- RAW DATA -

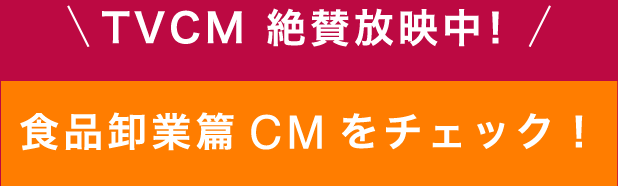 TVCM 絶賛放映中！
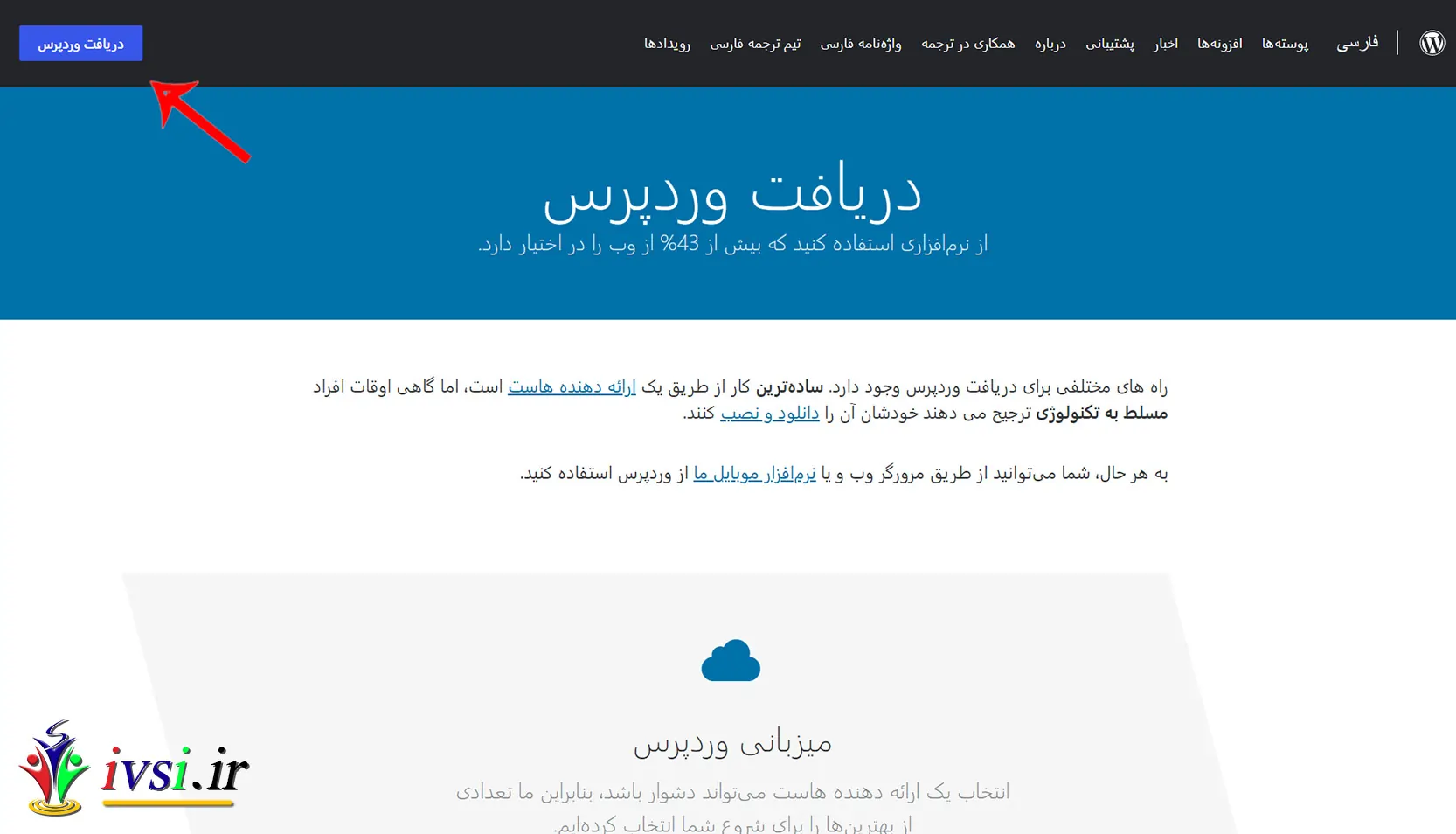صفحه دانلود آخرین نسخه وردپرس فارسی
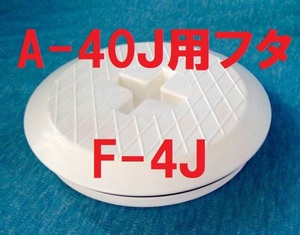 スカッパー フタ Ｆ-4Ｊ デッキ A-40J用 イケダ式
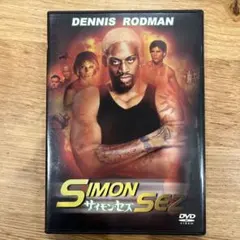 Item thumbnail for item 3421a754-9ddd-41fa-aea4-796fe8a6ee2d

- PROBLEM DESCRIPTION -
The answer must consist solely of the lines from the line containing "スカッパー フタ Ｆ-4Ｊ デッキ A-40J用 イケダ式" to the end of the data, reproduced exactly, with every picture left out.

- WRITTEN ANSWER -
 スカッパー フタ Ｆ-4Ｊ デッキ A-40J用 イケダ式
 Item thumbnail for item 3421a754-9ddd-41fa-aea4-796fe8a6ee2d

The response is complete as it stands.